Exercise instructions
Beginning with the line containing "this 768×512 image." and ending at the last line of the records, transcribe each line exactly. Do not include pictures.

Records shown
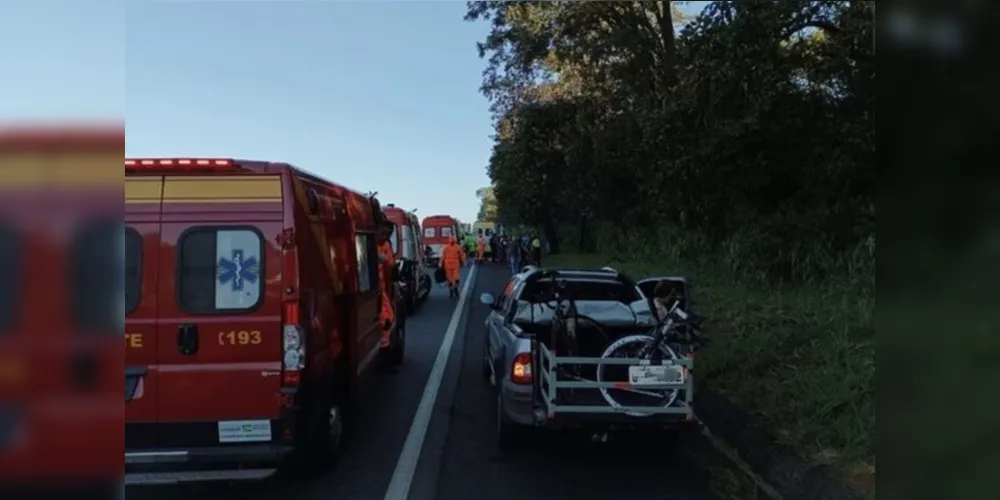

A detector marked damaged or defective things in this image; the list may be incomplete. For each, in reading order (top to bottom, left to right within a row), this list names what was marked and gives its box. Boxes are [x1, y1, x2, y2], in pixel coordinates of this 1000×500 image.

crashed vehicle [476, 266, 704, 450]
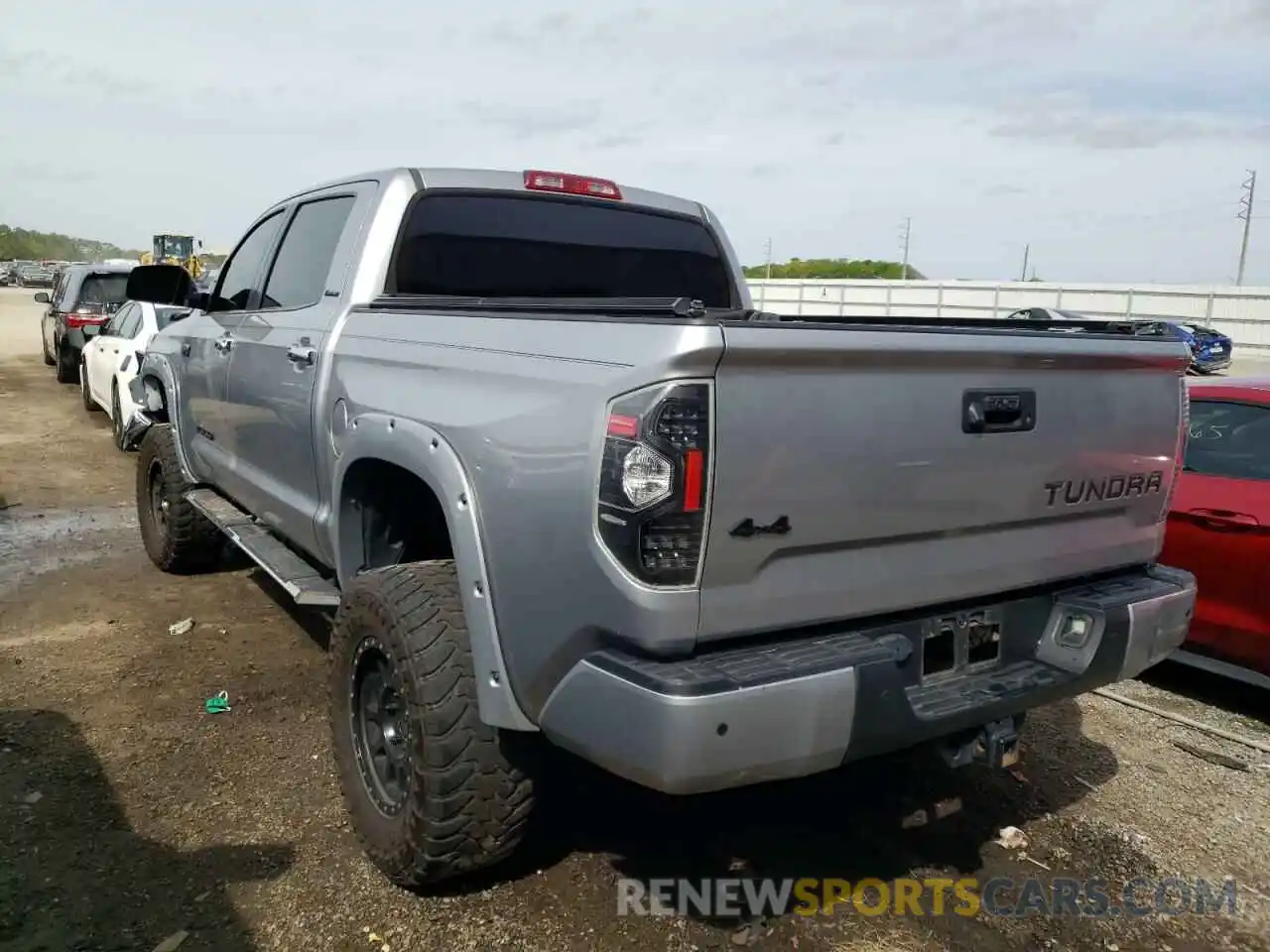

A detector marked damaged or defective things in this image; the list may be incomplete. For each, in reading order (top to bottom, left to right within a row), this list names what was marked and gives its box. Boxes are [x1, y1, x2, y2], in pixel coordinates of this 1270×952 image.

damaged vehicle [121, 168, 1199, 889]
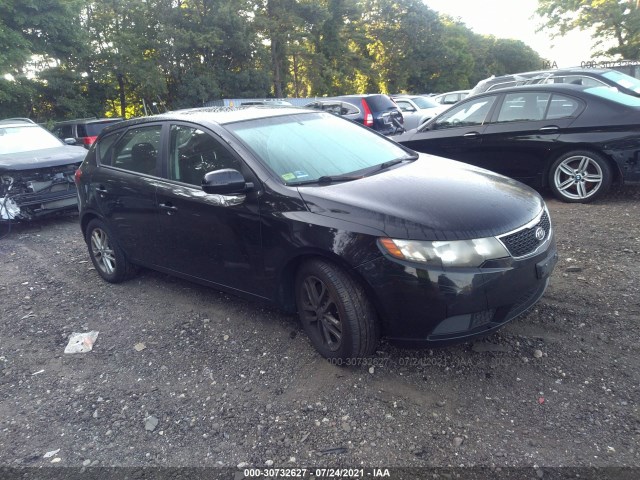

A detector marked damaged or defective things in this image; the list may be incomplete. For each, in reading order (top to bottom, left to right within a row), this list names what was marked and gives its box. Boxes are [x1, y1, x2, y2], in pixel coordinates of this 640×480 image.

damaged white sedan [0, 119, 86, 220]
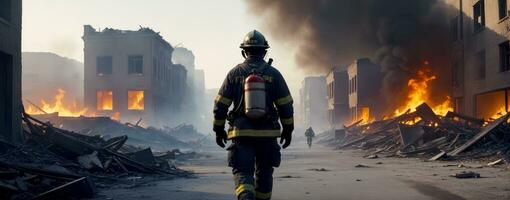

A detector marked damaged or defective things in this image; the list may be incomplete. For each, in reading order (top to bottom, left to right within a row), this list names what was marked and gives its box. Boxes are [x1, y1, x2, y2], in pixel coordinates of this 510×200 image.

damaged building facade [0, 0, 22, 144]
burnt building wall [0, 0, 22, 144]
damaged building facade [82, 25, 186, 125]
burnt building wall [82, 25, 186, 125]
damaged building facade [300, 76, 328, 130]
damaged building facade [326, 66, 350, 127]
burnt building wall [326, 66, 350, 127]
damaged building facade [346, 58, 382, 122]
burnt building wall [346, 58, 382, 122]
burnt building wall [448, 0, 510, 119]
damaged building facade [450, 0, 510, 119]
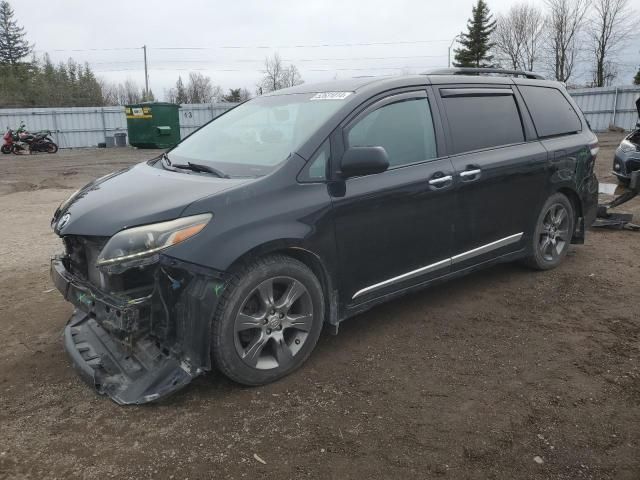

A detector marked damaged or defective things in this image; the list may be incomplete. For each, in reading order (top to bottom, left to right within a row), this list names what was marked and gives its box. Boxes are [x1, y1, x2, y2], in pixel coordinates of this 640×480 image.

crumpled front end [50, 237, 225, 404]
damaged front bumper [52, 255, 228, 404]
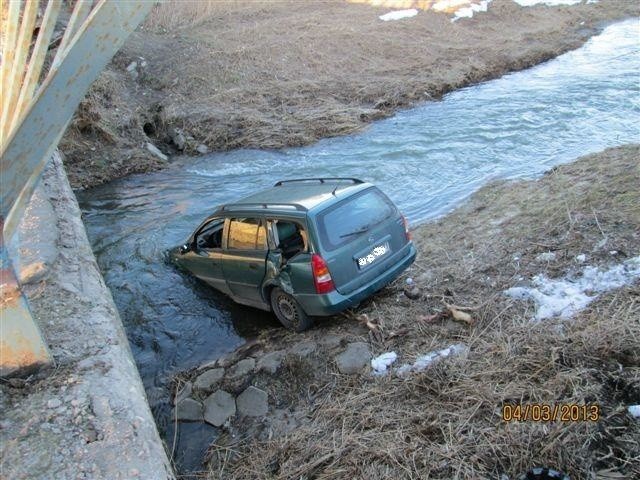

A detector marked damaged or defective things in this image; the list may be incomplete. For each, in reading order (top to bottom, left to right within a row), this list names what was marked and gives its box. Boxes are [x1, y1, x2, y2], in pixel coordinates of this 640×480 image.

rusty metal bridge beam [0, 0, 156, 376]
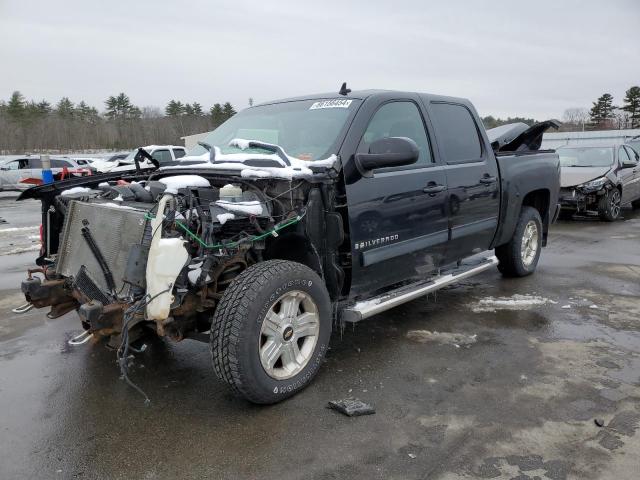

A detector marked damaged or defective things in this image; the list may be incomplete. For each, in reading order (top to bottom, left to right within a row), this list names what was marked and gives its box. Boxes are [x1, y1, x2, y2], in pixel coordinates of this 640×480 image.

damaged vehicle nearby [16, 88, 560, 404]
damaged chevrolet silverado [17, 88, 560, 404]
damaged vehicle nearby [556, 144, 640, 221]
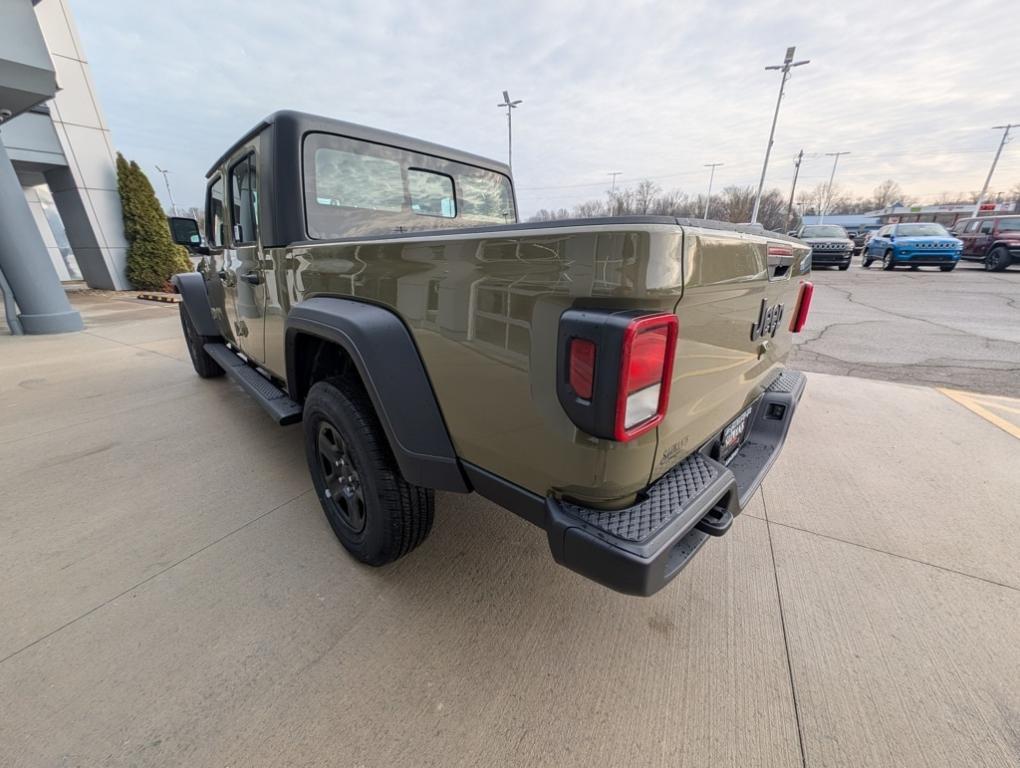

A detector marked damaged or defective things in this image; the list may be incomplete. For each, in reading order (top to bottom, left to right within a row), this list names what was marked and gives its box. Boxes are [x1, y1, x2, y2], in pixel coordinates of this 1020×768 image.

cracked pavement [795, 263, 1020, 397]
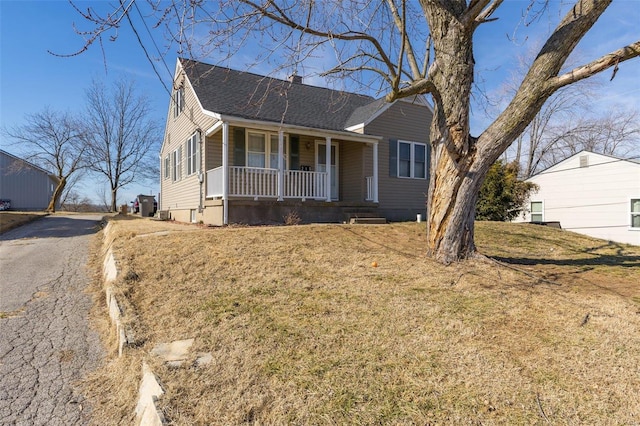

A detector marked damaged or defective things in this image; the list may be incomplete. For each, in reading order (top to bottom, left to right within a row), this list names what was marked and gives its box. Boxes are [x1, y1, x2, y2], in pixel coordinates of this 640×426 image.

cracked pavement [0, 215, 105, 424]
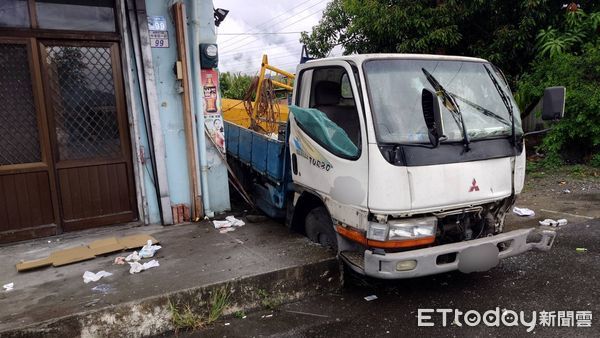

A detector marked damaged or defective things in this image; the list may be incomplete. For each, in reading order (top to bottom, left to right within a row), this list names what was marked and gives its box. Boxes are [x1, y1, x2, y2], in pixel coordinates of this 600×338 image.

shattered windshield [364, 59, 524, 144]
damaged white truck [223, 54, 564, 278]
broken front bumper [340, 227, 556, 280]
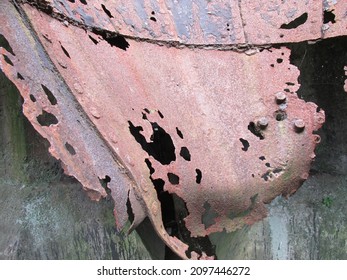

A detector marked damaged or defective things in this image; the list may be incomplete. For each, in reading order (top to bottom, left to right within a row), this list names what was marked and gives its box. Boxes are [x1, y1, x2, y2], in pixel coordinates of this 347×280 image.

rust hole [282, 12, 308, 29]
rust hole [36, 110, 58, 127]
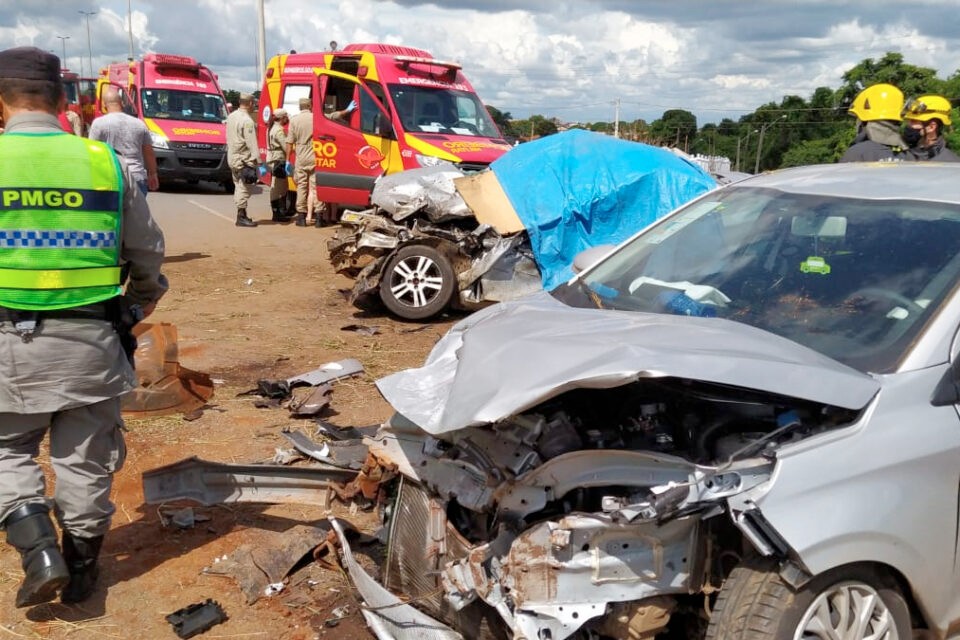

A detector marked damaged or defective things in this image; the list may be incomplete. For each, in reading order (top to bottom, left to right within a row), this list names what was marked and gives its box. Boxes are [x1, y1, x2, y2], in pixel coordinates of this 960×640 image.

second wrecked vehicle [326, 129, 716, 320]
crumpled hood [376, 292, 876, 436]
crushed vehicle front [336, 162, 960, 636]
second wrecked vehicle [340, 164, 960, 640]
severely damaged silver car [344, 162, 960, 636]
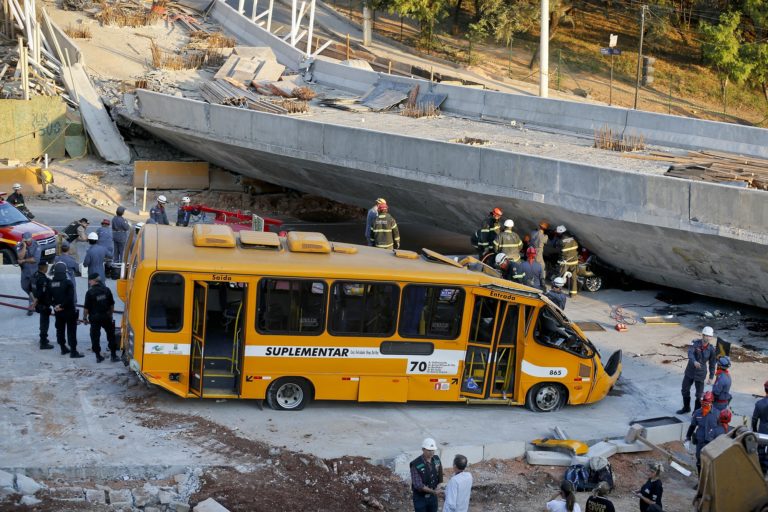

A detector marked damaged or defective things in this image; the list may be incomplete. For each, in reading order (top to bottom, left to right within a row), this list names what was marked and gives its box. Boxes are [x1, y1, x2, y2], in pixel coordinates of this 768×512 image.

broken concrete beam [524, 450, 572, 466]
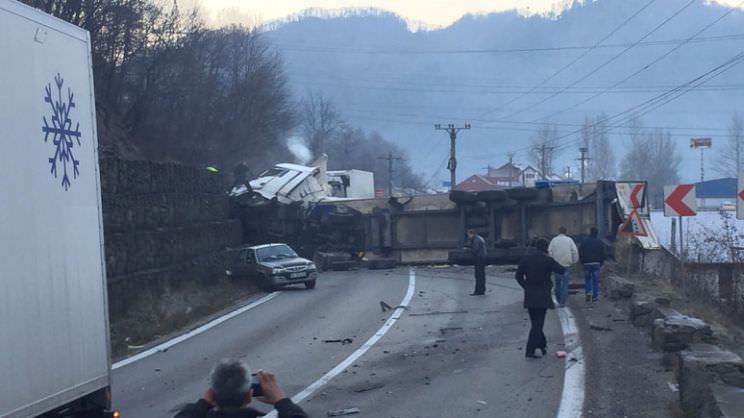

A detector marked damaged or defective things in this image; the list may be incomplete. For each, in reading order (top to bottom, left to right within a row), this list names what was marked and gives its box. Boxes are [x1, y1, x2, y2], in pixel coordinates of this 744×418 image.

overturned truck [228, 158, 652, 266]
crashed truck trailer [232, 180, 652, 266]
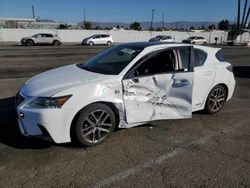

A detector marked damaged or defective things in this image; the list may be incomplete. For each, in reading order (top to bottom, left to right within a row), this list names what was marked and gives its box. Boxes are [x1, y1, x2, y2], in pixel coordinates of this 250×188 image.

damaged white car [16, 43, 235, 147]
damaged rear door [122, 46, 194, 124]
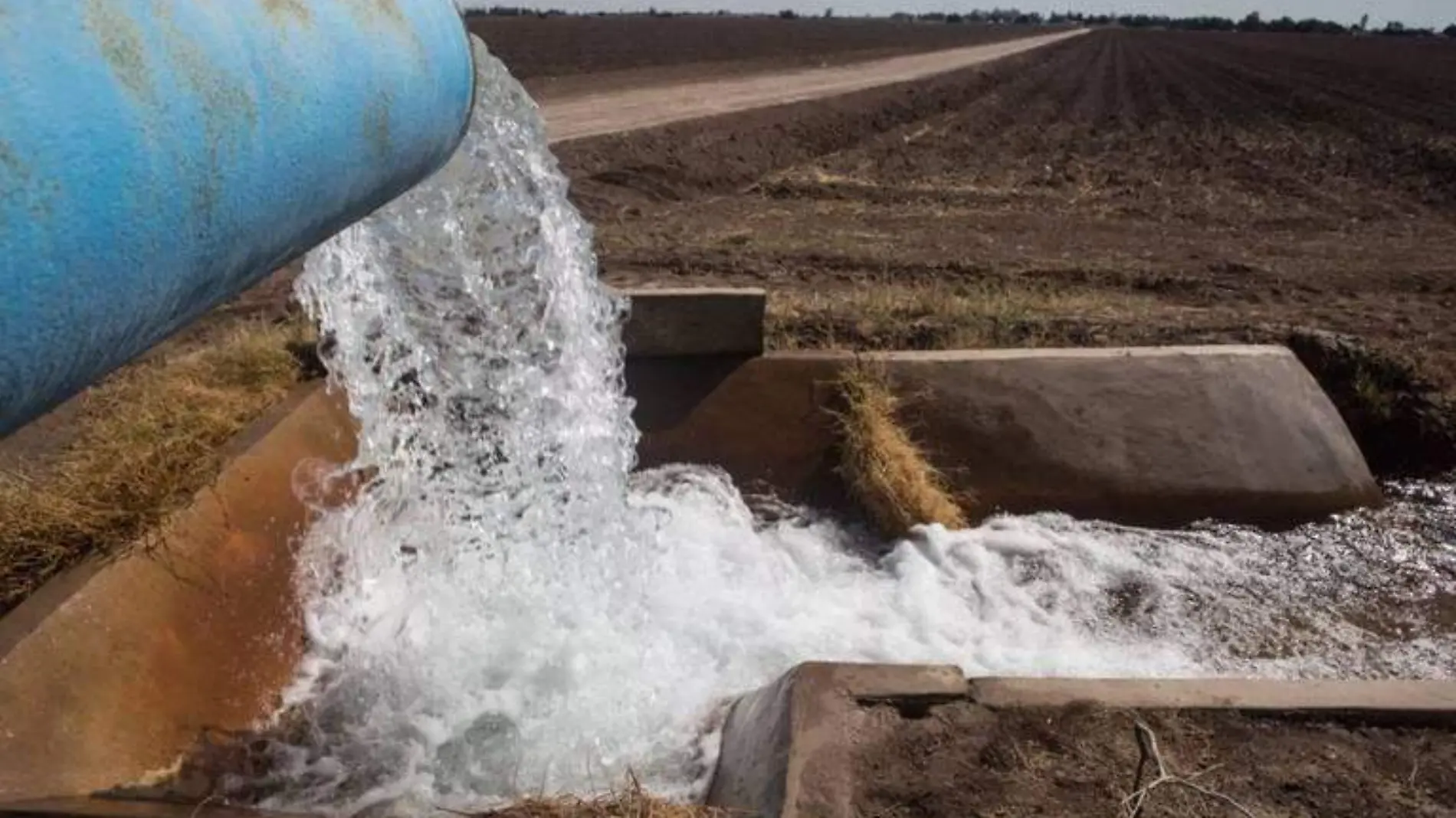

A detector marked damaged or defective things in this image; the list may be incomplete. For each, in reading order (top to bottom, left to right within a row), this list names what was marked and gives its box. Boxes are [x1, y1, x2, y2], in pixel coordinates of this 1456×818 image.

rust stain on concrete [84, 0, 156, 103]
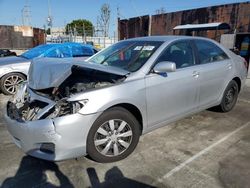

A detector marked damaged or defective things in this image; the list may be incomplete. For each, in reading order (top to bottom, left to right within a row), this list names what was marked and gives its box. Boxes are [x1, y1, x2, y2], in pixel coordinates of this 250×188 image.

Your solution
A detector marked damaged or defective things in this image; the list may be incomplete. For each, in reading order (top to bottom, left to right within a row), this list names what was marked and gives its box. Boxes are [x1, y1, x2, y2], in pixel coordinates of this 768×512 image.

broken concrete beam [524, 450, 572, 466]

A detector marked damaged or defective things in this image; the list may be incomplete. For each, in reading order (top to bottom, left to right within a row), this list names what was marked and gives its box. Boxes are [x1, y1, x2, y2], in pixel coordinates of this 744×418 image.

overturned truck [228, 158, 652, 266]
crashed truck trailer [232, 180, 652, 266]

A detector marked damaged or defective things in this image; the list may be incomplete. For each, in reading order (top to bottom, left to right within a row), this list names what was marked and gives its box. Boxes are [x1, y1, x2, y2], in pixel coordinates of this 250×188 image.

damaged white car [16, 43, 235, 147]
damaged rear door [122, 46, 194, 124]

A detector marked damaged or defective things in this image; the list may be incomplete. For each, in reading order (top to bottom, left to right within a row), this list names what was marked and gives its box. Boxes are [x1, y1, x2, y2], in pixel coordinates of this 1456×818 image.

rust stain on concrete [84, 0, 156, 103]

A detector marked damaged or defective things in this image; the list may be incomplete. For each, in reading order (top to bottom, left to right within a row), this list names what was marked and gives its box. Boxes are [x1, y1, x2, y2], in pixel coordinates of this 250×188 image.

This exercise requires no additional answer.